Un quartier exemplaire?
Pour l’heure, à l’échelle de la commune, l’arrivée prochaine du tram 15 (fin 2023) sur la route de Base devrait soulager un peu les routes, avant que cette ligne ne devienne carrément indispensable pour desservir le futur quartier des Cherpines, à cheval entre les communes de Confignon et de Plan-les-Ouates. Ce nouveau quartier de 3700 logements comptera 12’000 habitants en 2035 et 2500 nouveaux emplois. Les 1000 premiers logements sortiront de terre au Rolliet, sur le territoire de Plan-les-Ouates.
Cet écoquartier se veut un modèle d’habitat et d’emplois, celui de la ville des courtes distances. Tout y sera fait pour que les résidents n’aient plus besoin d’une voiture privée. Magasins et services de proximité, centrale de mobilité offrant vélos et organisant le covoiturage seront intégrés au quartier, lequel ne proposera qu’un minimum de places de parc. Une sorte de village idéal, débarrassé des nuisances du trafic, promet-on pour l’heure sur prospectus. «Une perspective intéressante», lance cet habitant croisé sur la très appréciée allée piétonne du Vélodrome.

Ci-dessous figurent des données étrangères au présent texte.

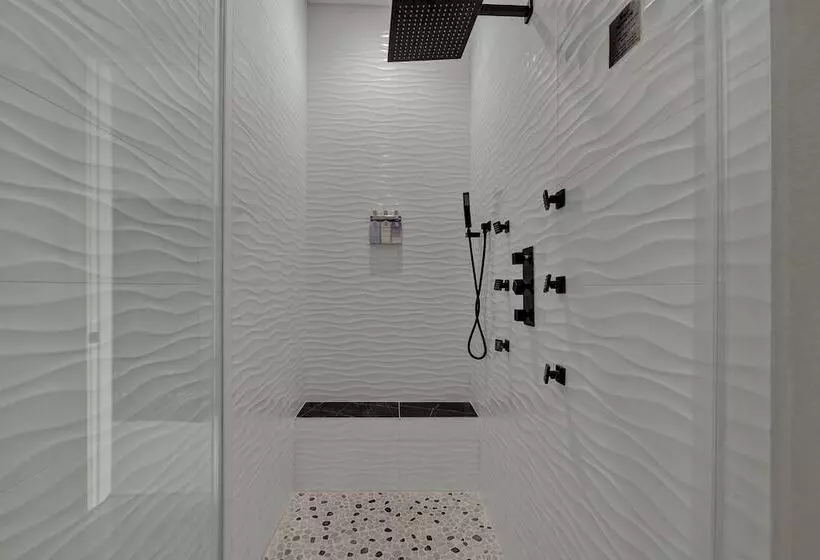 The Bentley Hotel   Sophia Loren Room   Pool View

Mais dans la commune (qui avait voté à 60% contre le déclassement des terrains agricoles des Cherpines, en 2011), tout le monde n’est pas convaincu: «Cela fait longtemps que Plan-les-Ouates est devenu une ville et supporte son trafic, dit Andrée, rencontrée au bord de la route de Saint-Julien, et résidente depuis trente ans. Croyez-vous vraiment que les gens de ces nouveaux quartiers vont renoncer à leur voiture? Ils vont se garer dans les champs!»